TASK ITEM: Restate verbatim the span of lines below between the line with "Exclu restaurant bar" and the line with "Vual Şal Toz Pembe - 3", including those two lines, and only that span.
BEGIN DATA
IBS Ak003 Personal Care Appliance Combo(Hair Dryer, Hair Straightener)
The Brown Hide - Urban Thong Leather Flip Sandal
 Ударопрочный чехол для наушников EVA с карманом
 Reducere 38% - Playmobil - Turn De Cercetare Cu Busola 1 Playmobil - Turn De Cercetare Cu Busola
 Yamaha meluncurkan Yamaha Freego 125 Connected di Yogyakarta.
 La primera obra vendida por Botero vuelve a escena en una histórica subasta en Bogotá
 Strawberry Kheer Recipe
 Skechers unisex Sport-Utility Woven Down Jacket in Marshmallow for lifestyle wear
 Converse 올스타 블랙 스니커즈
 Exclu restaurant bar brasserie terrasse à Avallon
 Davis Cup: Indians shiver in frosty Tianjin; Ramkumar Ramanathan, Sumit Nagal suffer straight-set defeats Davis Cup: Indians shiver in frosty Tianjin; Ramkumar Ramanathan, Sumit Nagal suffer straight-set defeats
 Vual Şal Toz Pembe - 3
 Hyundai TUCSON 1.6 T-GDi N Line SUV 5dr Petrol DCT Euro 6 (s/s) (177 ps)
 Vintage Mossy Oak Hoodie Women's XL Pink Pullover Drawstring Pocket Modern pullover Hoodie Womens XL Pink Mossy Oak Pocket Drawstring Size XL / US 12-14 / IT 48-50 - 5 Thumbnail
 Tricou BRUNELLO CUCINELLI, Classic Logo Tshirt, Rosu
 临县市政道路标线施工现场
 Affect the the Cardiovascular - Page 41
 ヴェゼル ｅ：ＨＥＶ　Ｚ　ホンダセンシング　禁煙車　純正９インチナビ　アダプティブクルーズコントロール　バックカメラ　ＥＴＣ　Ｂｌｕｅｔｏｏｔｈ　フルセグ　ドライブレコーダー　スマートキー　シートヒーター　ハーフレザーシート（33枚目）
END DATA
YOUR RESPONSE:
 Exclu restaurant bar brasserie terrasse à Avallon
 Davis Cup: Indians shiver in frosty Tianjin; Ramkumar Ramanathan, Sumit Nagal suffer straight-set defeats Davis Cup: Indians shiver in frosty Tianjin; Ramkumar Ramanathan, Sumit Nagal suffer straight-set defeats
 Vual Şal Toz Pembe - 3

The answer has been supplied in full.